Each manuscript item – or “text” – is assigned a number and a title, and its location within the manuscript is stated. The single msItems “point” by means of identifiers to transcriptions of text, which are stored within the text element.

These transcriptions of text are “selective” and concern structural features like:

    * Title pages;
    * Headings (of  parts, section, chapters, entries etc.);
    * Lists and tables (as in the example shown).

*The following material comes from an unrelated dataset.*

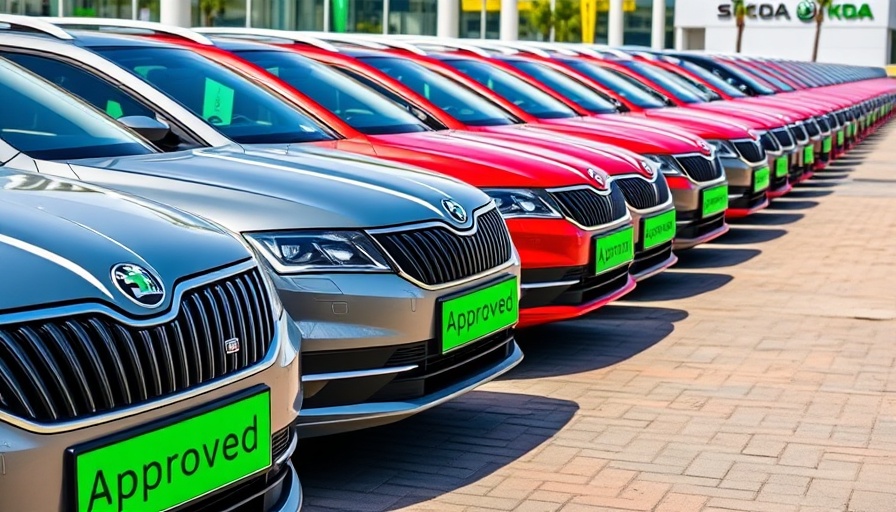 Used car market trends at a Skoda dealership.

 The idea is that the encoding of structural features of text may serve as a means for the catalogue user of finding the way through the volume. The encoded text will also be electronically searchable. The encoded text features can be described as representations of text, they constitute structural metadata.

Text versus document

The TEI encoding scheme was originally developed for the encoding of literary texts. Not surprisingly, the basic structure of the TEI encoding reflects a theory of texts rather than a theory of documents: the stress is on intellectual aspects of text.

The overruling hierarchy in a TEI conformant XML file is that of textual “content objects” that nest inside each other: Books → parts → chapters → sections, for example, or poems → stanzas → verses form such (hierarchical) structures. The physical structure of the document (the “carrier” of the text) on the other hand, is treated as secondary in the TEI encoding scheme. (Pagination, for example, forms a flattened hierarchy, expressed by empty elements.) For my purposes this is not altogether satisfying, as my primary goal is to describe the physical document and the arrangement of the text within the physical document. (For example, a manuscript page may contain several text fragments that form part of different text structures in the TEI sense and sort under different manuscript items.)

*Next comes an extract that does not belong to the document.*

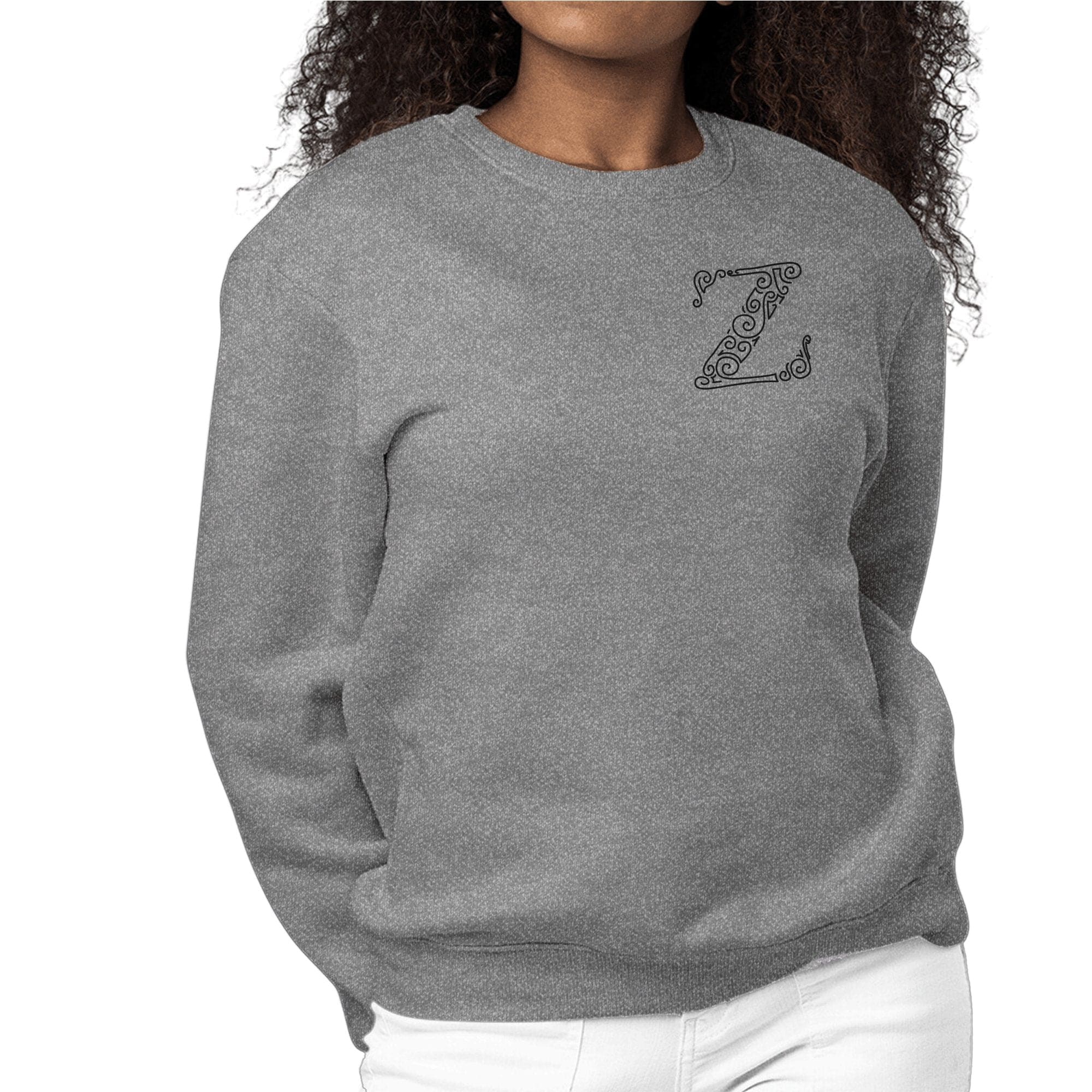 Womens Monogram Sweatshirt - z Initial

I have tried here to introduce to you the method for item-level/or volume by volume cataloguing that I am trying to apply to the Swedenborg manuscripts.

In making use of the TEI encoding scheme, I have met with certain difficulties, for example in the two respects demonstrated in this paper:

    * firstly, in that the TEI manuscript description module was not originally worked out for describing modern manuscripts, but for the cataloguing of medieval manuscripts; this seems to call for certain adaptions when the model is applied to modern manuscript material;
    * and secondly, in that the overruling hierarchy in the TEI text module is founded on a theory of the hierarchical structure of textual content objects – the physical orientation of  text in the encoded source is less prominent in the encoding.

My main impression, however, is that the TEI encoding scheme is a forcible instrument with many possibilities. The modular structure of the encoding scheme and the large number of elements available, the openness for modified solutions within specific projects are some of its strengths. A core of standardized features opens for migration of data between systems. Furthermore, the broad-based international profile of the TEI community seems to guarantee a certain continuity, as far as continuity can be attained in a rapidly changing world.

Whether it is future proof or not is something that remains to be seen.